I have in the past on occasion created my own greeting cards with colored pencils, magic-markers, glue and glitter, and images cut from magazines. When I've done so I have always had this nagging voice hectoring me; "They'll just think I'm just too cheap to send a real card." Or I've imagined the recipient judging my hand made card as childish and missing artistic skill.

More often than not however I've let the greeting card industry dictate how I mark the occasion with their either or choices of flowery sentiment vs humor. And usually I've opted as noted for the latter while avoiding as best I could pathos and hollow laughter. For the arrival of a day warranting a greeting card was most often met by my family with a tacit agreement of a timeout from any ongoing familial discord. This is not to say that it was a relentless battle royal under my father's roof. But it does strike me now that quite frequently when it came time to tender a card there were unresolved issues and tensions gripping the household that seemed through the giving of a card to loosen their hold for a twenty-four hour grace period.

So there I was earlier today once again in the greeting card aisle trying to choose out of twenty odd cards one that best said Happy Father's Day in an approximation of my voice. And what did I pick? I went with a card that had a photo on the front of a young boy with a finger up his nose and the message inside stating, "You're right dad. Some jobs are best handled by yourself." I added the sentiment that "Unlike your nose you can't pick your relatives. But if I could, if I had the chance, I would still pick you as my father."

It strikes me now that I made the wrong choice. Rather than weak comedy I should have gone for the Hallmark product with its endearments and unsullied sentiments. I should have overlooked that long ago strife that pitted father against son and purchased a card with a rhapsodizing text, "You were always there for me, dear old dad." But the words lacked for me the ring of truth. And I could not go forward. Had the card only said, "We had our troubles, dad, but I love you none the less," I would have gladly laid my money down. But there were no such cards to be found today. There were only those that spoke of a seamless past, one that my father and I never lived.

Perhaps I should have looked onward and elsewhere and found a card with a neutral image and no accompanying text. I could then write happy Father's Day and sign the card with no lingering doubts of whether or not the card was an appropriate one. But I did not. Acting upon what felt like little more than an obligation, I was after all complying with a national holiday and not the will of my heart, I opted to go for the least objectionable card at hand, one with humorous intents.
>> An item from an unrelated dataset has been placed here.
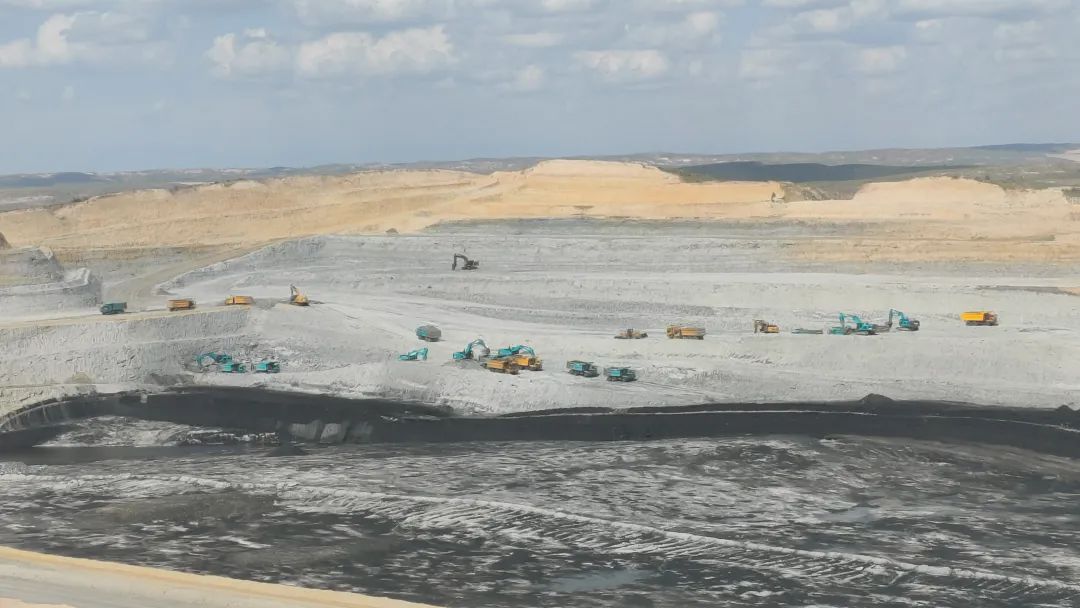 腾远添智能新绿，皇家国际巨更始能源矿卡批量交付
Maybe some day and hopefully soon before my father's demise I will reach for a card on Father's Day and not feel governed by a past that by all rights should have been laid to rest long ago. Perhaps this smarting I still feel from childhood's discord is immaturity on my part. I won't argue the point. For the hurt does smack of an old wound that rightly should have healed by now. So who knows? Maybe with a little luck and perseverance and perhaps an act of grace I will be one day be able to offer my father a card that conveys what he extends to me, unconditional love. On this I pray.